Virginia Price Evans

Call not the kettle black. Once turned to dust
Receding hairline, shown in Droeshout print,
Or natty beard on bourgeois Stratford bust
Will scarce of an Adonis give a hint.
And Chandos portrait, earring well in synch,
With girly collar casually undone
O’er velvet doublet painted black as ink
Will not suggest a suitor full of fun.
The Grafton picture, e’en if it is of thee,
Doth show a callow youth, albeit with locks,
A little more felicitous to see.
(Your baldness always will attract some knocks.)
You crave a final couplet packed with praise?
Go, shake your ears — I won’t retract a phrase.
Ros Aitken

Why, Billy Shakes, you clever little swine —
Ambivalence could be your middle name.
I get the drift — ‘my funny Valentine’;
I’m sub-prime but you love me all the same.
So far, so good.

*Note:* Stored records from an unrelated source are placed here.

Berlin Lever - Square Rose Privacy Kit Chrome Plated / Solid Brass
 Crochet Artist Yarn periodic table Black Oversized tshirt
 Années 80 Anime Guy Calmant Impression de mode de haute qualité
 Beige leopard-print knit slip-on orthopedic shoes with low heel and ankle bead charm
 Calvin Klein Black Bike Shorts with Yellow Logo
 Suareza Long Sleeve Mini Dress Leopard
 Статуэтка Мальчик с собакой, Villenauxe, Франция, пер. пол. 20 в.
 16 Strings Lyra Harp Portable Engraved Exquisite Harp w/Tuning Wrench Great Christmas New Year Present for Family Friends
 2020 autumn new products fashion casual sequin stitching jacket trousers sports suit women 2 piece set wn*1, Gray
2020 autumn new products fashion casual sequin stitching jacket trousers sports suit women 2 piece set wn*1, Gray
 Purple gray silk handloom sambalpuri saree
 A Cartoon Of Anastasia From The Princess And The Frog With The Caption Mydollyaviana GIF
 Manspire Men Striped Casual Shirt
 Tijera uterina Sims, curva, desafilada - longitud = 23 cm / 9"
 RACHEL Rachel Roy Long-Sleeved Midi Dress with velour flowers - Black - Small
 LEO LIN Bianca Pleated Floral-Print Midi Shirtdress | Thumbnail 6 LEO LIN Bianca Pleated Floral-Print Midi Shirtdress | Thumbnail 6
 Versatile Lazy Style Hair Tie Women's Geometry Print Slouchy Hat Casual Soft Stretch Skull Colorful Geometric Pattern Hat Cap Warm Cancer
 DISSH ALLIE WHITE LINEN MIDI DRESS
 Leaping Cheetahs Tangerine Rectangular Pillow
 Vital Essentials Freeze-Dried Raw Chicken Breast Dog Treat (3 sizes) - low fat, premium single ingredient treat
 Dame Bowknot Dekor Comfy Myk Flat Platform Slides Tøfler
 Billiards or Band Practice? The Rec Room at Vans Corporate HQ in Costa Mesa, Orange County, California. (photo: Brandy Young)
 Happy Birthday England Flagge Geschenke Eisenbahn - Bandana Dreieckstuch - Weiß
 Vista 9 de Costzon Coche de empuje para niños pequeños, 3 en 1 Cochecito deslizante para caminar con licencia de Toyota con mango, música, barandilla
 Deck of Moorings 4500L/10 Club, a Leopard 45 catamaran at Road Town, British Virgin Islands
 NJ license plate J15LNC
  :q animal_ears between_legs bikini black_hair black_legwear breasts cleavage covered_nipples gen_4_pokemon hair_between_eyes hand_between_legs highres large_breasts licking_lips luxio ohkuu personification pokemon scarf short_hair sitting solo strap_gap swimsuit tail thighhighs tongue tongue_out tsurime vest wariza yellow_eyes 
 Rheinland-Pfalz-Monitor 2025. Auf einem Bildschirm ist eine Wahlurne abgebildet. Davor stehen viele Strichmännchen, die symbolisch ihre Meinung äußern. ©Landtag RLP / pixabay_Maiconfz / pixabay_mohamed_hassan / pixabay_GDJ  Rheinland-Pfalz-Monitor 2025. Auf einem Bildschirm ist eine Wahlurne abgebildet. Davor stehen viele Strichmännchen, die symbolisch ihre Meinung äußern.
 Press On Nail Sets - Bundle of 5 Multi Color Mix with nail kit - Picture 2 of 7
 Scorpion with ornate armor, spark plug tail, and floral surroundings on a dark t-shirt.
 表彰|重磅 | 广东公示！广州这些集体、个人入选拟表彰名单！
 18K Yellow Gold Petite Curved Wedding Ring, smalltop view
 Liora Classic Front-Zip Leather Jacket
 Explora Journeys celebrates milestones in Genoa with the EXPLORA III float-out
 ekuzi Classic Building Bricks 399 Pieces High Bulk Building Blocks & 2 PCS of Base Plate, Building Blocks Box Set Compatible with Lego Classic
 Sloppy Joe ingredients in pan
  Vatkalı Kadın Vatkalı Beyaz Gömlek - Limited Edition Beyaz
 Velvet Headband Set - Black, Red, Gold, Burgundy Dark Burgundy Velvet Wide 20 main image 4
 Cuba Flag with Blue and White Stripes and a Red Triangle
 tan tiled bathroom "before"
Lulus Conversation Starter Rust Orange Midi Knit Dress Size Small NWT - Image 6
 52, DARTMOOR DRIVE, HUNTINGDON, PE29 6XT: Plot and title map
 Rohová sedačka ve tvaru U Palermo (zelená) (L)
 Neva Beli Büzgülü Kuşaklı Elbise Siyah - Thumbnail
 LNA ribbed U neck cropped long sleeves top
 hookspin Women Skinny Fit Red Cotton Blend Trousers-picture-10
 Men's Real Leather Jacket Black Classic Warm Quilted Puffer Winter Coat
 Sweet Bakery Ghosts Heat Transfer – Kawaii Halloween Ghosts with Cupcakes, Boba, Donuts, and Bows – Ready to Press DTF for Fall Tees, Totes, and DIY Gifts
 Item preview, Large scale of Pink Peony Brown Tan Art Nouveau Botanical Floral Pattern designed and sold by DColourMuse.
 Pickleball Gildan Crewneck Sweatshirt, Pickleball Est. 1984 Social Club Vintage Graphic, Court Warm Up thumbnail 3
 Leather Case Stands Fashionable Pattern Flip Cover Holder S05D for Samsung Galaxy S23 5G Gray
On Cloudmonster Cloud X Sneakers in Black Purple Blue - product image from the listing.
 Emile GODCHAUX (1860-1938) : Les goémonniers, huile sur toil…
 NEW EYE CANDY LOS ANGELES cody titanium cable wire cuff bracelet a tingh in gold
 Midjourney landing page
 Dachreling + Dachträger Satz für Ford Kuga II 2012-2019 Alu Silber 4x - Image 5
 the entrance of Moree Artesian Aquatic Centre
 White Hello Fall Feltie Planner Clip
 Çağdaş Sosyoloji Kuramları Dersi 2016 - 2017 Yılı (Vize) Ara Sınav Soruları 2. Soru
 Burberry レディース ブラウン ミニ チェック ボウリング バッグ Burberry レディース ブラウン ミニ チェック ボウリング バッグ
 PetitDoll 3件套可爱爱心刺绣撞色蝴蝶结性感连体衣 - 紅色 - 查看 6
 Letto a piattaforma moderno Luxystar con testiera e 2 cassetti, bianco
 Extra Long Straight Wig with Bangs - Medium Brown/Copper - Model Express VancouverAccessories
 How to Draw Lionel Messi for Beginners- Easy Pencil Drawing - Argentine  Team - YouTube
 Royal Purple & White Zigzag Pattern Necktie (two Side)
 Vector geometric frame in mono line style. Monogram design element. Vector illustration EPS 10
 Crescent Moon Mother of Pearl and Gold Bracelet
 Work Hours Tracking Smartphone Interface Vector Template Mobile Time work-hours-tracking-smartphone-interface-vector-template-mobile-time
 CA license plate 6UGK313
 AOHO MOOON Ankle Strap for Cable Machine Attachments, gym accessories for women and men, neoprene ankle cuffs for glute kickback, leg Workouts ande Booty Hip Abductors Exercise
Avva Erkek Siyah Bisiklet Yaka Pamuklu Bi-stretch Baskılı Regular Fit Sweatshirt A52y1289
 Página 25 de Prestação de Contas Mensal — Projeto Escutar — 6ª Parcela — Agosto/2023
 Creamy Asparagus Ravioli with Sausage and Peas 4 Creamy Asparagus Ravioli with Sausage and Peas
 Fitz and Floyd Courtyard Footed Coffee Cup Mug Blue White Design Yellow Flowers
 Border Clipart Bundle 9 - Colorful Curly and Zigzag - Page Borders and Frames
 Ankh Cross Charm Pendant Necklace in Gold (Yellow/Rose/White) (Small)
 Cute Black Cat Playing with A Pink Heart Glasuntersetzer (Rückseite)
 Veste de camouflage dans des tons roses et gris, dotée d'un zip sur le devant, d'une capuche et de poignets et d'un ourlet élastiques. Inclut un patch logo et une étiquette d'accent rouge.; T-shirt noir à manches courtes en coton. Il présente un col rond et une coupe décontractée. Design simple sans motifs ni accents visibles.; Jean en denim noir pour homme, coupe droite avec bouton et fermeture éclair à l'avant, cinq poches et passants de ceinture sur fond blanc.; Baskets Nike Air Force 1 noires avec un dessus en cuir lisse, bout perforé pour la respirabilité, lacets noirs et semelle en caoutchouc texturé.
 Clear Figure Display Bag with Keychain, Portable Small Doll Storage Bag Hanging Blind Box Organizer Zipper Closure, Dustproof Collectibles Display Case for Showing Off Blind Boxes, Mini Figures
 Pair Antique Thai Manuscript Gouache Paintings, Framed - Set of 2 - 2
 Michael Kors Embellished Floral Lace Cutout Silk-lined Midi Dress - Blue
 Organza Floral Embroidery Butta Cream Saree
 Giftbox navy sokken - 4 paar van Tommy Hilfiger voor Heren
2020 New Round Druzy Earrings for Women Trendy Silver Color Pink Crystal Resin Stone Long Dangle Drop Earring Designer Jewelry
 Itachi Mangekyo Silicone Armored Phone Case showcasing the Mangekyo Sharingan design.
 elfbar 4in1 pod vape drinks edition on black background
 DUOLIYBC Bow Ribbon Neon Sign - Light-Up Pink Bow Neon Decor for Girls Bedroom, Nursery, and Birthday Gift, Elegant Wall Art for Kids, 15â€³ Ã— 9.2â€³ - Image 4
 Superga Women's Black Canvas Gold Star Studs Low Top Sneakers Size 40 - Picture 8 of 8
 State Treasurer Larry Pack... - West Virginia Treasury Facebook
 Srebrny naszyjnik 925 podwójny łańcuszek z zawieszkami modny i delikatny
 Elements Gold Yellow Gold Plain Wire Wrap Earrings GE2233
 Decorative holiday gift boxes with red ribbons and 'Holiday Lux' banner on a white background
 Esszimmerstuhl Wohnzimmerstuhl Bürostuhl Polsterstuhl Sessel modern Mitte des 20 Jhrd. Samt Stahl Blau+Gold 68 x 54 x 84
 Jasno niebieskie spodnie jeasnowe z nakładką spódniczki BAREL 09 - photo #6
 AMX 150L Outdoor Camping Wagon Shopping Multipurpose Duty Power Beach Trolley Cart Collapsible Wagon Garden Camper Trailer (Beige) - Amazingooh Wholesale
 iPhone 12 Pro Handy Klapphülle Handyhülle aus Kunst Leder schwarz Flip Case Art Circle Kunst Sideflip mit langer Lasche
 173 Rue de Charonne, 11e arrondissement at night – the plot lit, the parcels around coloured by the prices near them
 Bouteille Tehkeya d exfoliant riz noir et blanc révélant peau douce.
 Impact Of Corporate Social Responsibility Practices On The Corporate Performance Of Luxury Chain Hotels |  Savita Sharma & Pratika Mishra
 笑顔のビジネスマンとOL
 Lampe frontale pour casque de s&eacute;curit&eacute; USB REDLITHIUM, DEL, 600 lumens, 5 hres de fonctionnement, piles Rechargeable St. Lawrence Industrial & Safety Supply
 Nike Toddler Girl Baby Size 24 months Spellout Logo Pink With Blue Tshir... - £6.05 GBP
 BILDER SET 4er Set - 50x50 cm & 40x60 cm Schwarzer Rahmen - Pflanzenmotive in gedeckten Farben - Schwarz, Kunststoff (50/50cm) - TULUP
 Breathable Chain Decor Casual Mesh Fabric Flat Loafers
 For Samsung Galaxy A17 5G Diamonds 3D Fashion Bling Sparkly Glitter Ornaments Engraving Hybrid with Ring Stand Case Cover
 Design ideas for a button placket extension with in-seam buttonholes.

Poets have overdone
The lavish, fulsome, hyperbolic trope,
And friendly frankness can be kinda fun.
Let’s do without sweet nothings and soft soap.
But Bill, my dear old chrome-domed dramaturge,
Whose gut is not the slenderest I’ve seen,
Whose armpits are where several drains converge,
Whose beard is lived in and whose teeth are
    green,
Do not forget that when it comes to candour
The words to mind are ‘sauce’ and ‘goose’ and
    ‘gander’.
Basil Ransome-Davies

Well thanks for that. Now might I have a word?
Your ‘false compare’ is what we girls adore.
We like to add a bit when Nature’s erred:
What do you think those pots and jars are for?
You’re just like every other selfish poet —
And I’ve had more than several in my time —
Our flaws are flashed in verse before we know it.
You’d strip your mother naked for a rhyme.
How do you think you’d like it if I jeered
About your sagging cheeks, your portly frame,
Your tragic hairline and that silly beard,
And then declared I loved you just the same?
Who wants to hear their worst bits picked upon?
No one, not even Avon’s bleeding swan.
Noel Petty

How hard it is for one so much traduced
To see true meaning in a poet’s ways,
To know, beneath the many insults loosed,
Real passion with its paradox of praise.
Who seeks by clever turns to win our trust
Should know our woman’s nature, and take
    thought,
Should offer love, but never speak of lust,
Assume perfection that cannot be bought.
No talk of wires, dun breasts, or breath that reeks,
For love is blind, and blindly reaffirms,
However cleverly it writes or speaks,
Its willingness to see beyond such terms.
No more; for both of us must be forgiving:
Writers and ladies have to earn their living.
Paul Griffin

My poet’s deepest lines are on his brow
Where Time has dragged its harrow, year on year;
If hair be waves, his tide is ebbing now
As more and more uncovered shores appear.
I could have had a sapling green and fresh,
Delighting in his ways of pleasing me.
Instead I’m faced with Autumn in the flesh,
The drooping branch of some old Arden tree.
His sere and yellow leaves become a book
With nothing fair to say or sweet to sing;
And yet this black pot sputtering on its hook
Once seemed to me a songbird on the wing.
Ah! if his verses should, by ill chance, last,
May they be printed with this counterblast!